Nitric oxide, NOC-12, and S-nitrosoglutathione modulate the skeletal muscle calcium release channel/ryanodine receptor by different mechanisms: An allosteric function for O2 in S-nitrosylation of the channel

Abstract

The skeletal muscle Ca2+ release channel/ryanodine receptor (RyR1) contains ∼50 thiols per subunit. These thiols have been grouped according to their reactivity/ responsiveness toward NO, O2, and glutathione, but the molecular mechanism enabling redox active molecules to modulate channel activity is poorly understood. In the case of NO, very low concentrations (submicromolar) activate RyR1 by S-nitrosylation of a single cysteine residue (Cys-3635), which resides within a calmodulin binding domain.
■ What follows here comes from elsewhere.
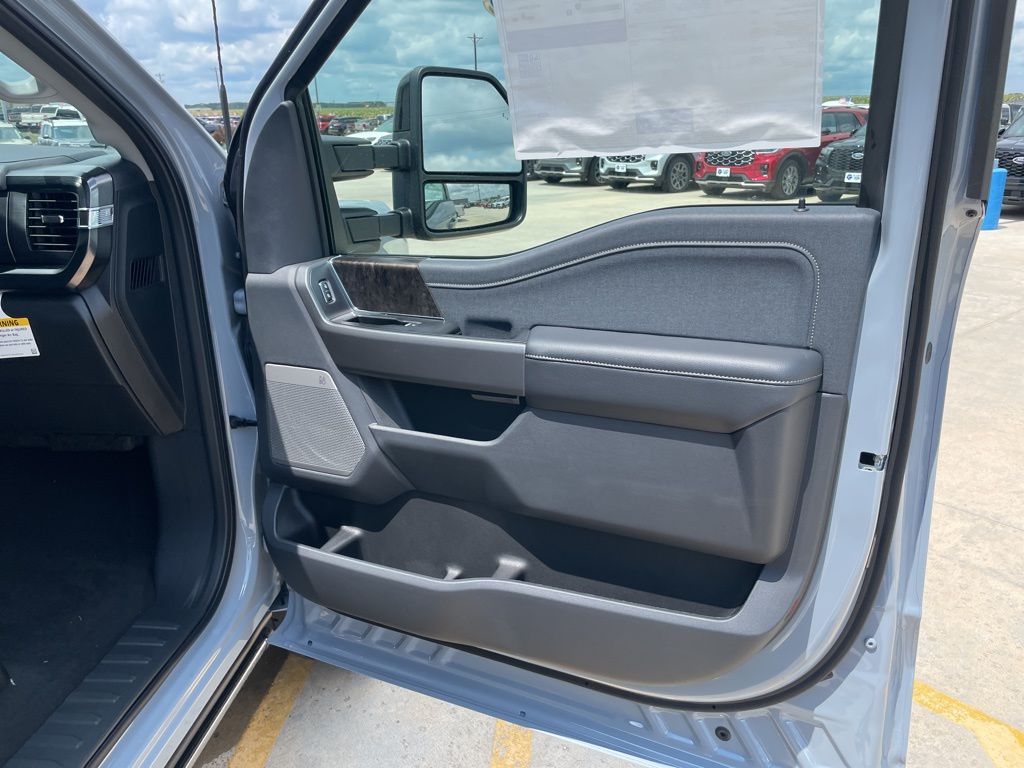 2025 Ford F-250 Super Duty Lariat - Photo 25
S-Nitrosylation of Cys-3635 only takes place at physiological tissue O2 tension (PO2; i.e. ∼10 mm Hg) but not at pO2 ∼150 mm Hg. Two explanations have been offered for the loss of RyR1 responsiveness to NO at ambient pO2, i.e. Cys-3635 is oxidized by O2 versus O2 subserves an allosteric function (Eu, J. P., Sun, J. H., Xu, L., Stamler, J. S., and Meissner, G. (2000) Cell 102, 499-509). Here we report that the NO donors NOC-12 and S-nitrosoglutathione both activate RyR1 by release of NO but do so independently of pO2. Moreover, NOC-12 activates the channel by S-nitrosylation of Cys-3635 and thereby reverses channel inhibition by calmodulin. In contrast, S-nitrosoglutathione activates RyR1 by oxidation and S-nitrosylation of thiols other than Cys-3635 (and calmodulin is not involved). Our results suggest that the effect of pO2 on RyR1 S-nitrosylation is exerted through an allosteric mechanism.